Tokyo’s Harajuku district is known the world over for the youthful crowds that gather there to flaunt their wild fashions. This is where you can spot local teens dressed up in colorful and outlandish punk, goth, and anime costumes. But there’s even more to Harajuku than over-the-top street style.
Shinjuku Golden Gai
Golden Gai is a very popular collection of tiny bars that are crowded into a network of narrow alleyways in Tokyo’s Shinjuku district. More than 200 small bars—many no bigger than a closet and most only large enough for a handful of customers—are clustered in the district, and each one has a distinct character all its own.
Hama Rikyu Gardens
Lining the Tokyo waterfront, Hama Rikyu is a spacious landscaped garden, often considered to be Tokyo’s Central Park. From teahouses to quiet pools, it’s a welcome green space in this busy city.
Nikko National Park
Known for its impressive botanical garden, intricate Iemitsu mausoleum, and ornate Toshogu Shrine (a UNESCO World Heritage site), Nikko National Park is an area of incredible natural beauty with plenty to see and do. In addition to shrines and temples, the park is home to numerous lakes, elaborate bridges, excellent hiking trails, and two stunning waterfalls—all set against a backdrop of dramatic mountain scenery.

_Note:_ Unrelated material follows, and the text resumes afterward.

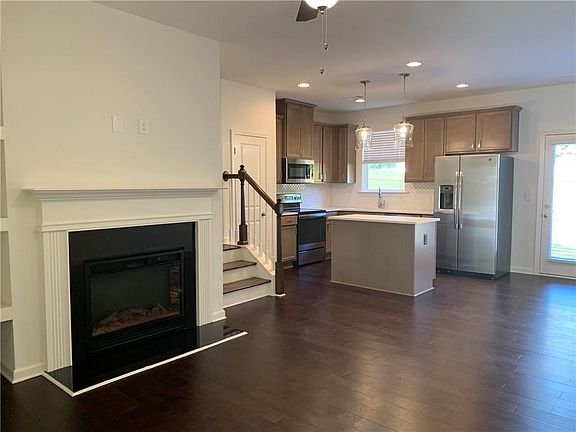 4th image of 4908 Longview Walk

Odaiba Seaside Park (Oaidaba Kaihin Koen)
Set on the banks of Tokyo Bay, with great views of the city skyline, Odaiba Seaside Park is a man-made landscaped park and beach. It’s popular with locals and tourists who come to paddleboard, picnic, and relax in the peaceful surroundings.
Shinjuku Park (Shinjuku Gyoen)
Located in the heart of Shinjuku, Shinjuku Park (Shinjuku Gyoen is one of the largest and most popular parks in Tokyo. Spanning 143 acres (58 hectares, this beautifully landscaped park offers a peaceful respite right in the city. Features include gardens in three distinct styles, along with pavilions, ponds, lawns, and more than 10,000 trees.
Ueno Park (Ueno Koen)
Ueno Park is a public park in central Tokyo that’s home to several of the city’s top museums, including the Tokyo National Museum and the National Museum of Nature and Science. You’ll also find Ueno zoo, Tokyo’s first zoo, a boating lake, and other attractions for the whole family here.
With steaming volcanic hot springs and sulfur fields, visiting Owakudani feels like stepping onto a different planet, less than an hour’s drive from Tokyo.